Very Large Crude Carriers offer economies of scale and are the oil transporters of choice for shippers moving massive volumes of crude from the U.S. Gulf Coast to distant customers in Europe and Asia. VLCCs also can serve as cost-effective floating storage — in the current contango market, a growing number of these 2-MMbbl behemoths are being used to stockpile crude until its value increases in the coming months. VLCCs can be loaded to the gills through reverse lightering at a number of deepwater points off the coast of Texas, but only one facility, the Louisiana Offshore Oil Port, can fill the supertankers to the brim at the port itself. LOOP also can receive fully loaded VLCCs, of course, and another ace up its sleeve is its 72 MMbbl of cavern and tank storage a few miles inland at Clovelly, LA. Today, we continue our series on Gulf Coast export facilities with a look at LOOP.

Amid all the energy market craziness of the past couple of months, at least one thing has held steady: U.S. crude oil exports. Last week, export volumes averaged 2.94 MMb/d, or just a hair under the 3.05-MMb/d year-to-date average, according to RBN’s Crude Voyager report. With refinery demand for crude oil off sharply, crude production plummeting and storage space filling up, loading crude into tankers is playing an important role in keeping the broader crude oil market in balance — even if many of those oil-laden VLCCs, Suezmaxes and Aframaxes soon drop anchor in the Gulf of Mexico rather than sailing to foreign ports. Whether crude export volumes rise or fall in the coming months is an open question.

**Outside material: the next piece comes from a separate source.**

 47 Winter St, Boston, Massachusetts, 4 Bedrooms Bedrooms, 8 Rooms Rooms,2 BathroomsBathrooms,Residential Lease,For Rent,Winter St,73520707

In Part 1 of this series, we looked at the Seaway Freeport and Seaway Texas City terminals, both of which are part of Enterprise Products Partners and Enbridge’s broader Seaway Crude Pipeline (SCP) system. We estimate Seaway Freeport’s export capacity at 200 Mb/d and Seaway Texas City’s at 300 Mb/d. In Part 2, we discussed the Houston Fuel Oil Terminal (HFOT), which is now owned by Energy Transfer, and the Seabrook Logistics Marine Terminal, which is jointly owned by Magellan Midstream Partners and LBT Tank Terminals. We estimate HFOT’s export capacity at 480 Mb/d, and Seabrook Logistics’ at 300 Mb/d. Then, in Part 3, we examined Enterprise Hydrocarbon Terminal, or EHT, which is one of the largest energy-related marine terminals on the Gulf Coast; it also is a major LPG export facility. EHT’s peak observed crude-loading capacity, on a monthly basis, is 600 Mb/d; however, RBN’s crude export capacity model suggests the terminal’s capacity could be several hundred thousand barrels a day higher. Last time, in Part 4, our focus was the three crude export terminals in the Beaumont/Nederland, TX, area. We estimate the sustainable throughput capacity of Energy Transfer’s Nederland Terminal to be 700 Mb/d, and put Phillips 66’s Beaumont Terminal and Enterprise’s Beaumont Marine West Terminal’s capacities at 420 Mb/d and 210 Mb/d, respectively.